# We're in the news again!



## supernaut_32273 (Apr 9, 2017)

https://www.thetimes.co.uk/edition/...ivers-gang-up-to-exploit-passengers-ctxbvhv98

*Not fare: how Uber drivers gang up to exploit passengers*

..."_According to the researchers, drivers in the same area co-ordinate to log out of the taxi-hailing app so that their cars drop off the list of available rides._


_This causes prices to increase in line with the economics of supply and demand, with fares potentially rising to several times the normal rate."_


----------



## ratethis (Jan 7, 2017)

Boohooo then they can take a cab for twice the money anyway.. MHO.. and I only read what was available to read without signing into the site.


----------



## 4.9 forever (May 31, 2017)

And PAX wait until the surge goes down before they request. Seems like this problem has an easy solution on both sides.


----------



## steveK2016 (Jul 31, 2016)

I heard this a long time ago and so heard uber has an algorithm that detects this. It shouldnt be hard to track if the same group of drivers tend to log off and on at the same time. 

In the early days of uber this was possible but uber is much more sophisticated now. I think this is just rider paranoia.


----------



## Nomad (Jul 30, 2015)

Yes. Completely unfair how "independent contractors" would decide to set their own rate.


----------



## steveK2016 (Jul 31, 2016)

Nomad said:


> Yes. Completely unfair how "independent contractors" would decide to set their own rate.
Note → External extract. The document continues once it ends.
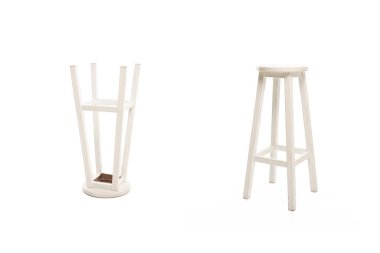 White modern chairs isolated on white clipart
You can set your own rate but this is not the same. This is collaborating with others to manipulate a system meant to be used as an organic method of detecting supply and demand. An individual driver is free to go off line anytime he wants to wait out for a surge, but once collaborating with many to manipulate it you are in violation of the spirit of the app.

You can set your own rate. If your rate is $2 a mile on X, you are free to not accept a ride until theres a 2.7x surge. Thays your freedom as an IC


----------



## HazardousDescent (Jul 25, 2016)

N=3 sample size, it must be true! /Sarcasm
Just because it's smarter to go offline before a known surge is about to occur, and wait for it, doesn't mean anyone is coordinating it.


----------



## Dug_M (Feb 16, 2017)

HazardousDescent said:


> N=3 sample size, it must be true!
> Just because it smarter to go offline before a known surge is about to occur, and wait for it, doesn't mean anyone is coordinating it.


You don't want to get pulled out of a busy bar/entertainment area just before bar closing or the event ends... Not collusion just plain common sense...


----------



## Nomad (Jul 30, 2015)

steveK2016 said:


> You can set your own rate but this is not the same. This is collaborating with others to manipulate a system meant to be used as an organic method of detecting supply and demand. An individual driver is free to go off line anytime he wants to wait out for a surge, but once collaborating with many to manipulate it you are in violation of the spirit of the app.


This is an article *claiming* that drivers are collaborating based on reading posts in this forum where drivers suggest going offline and waiting for surge in order to set their own rates. They take the sharing of individual strategy and claim conspiracy.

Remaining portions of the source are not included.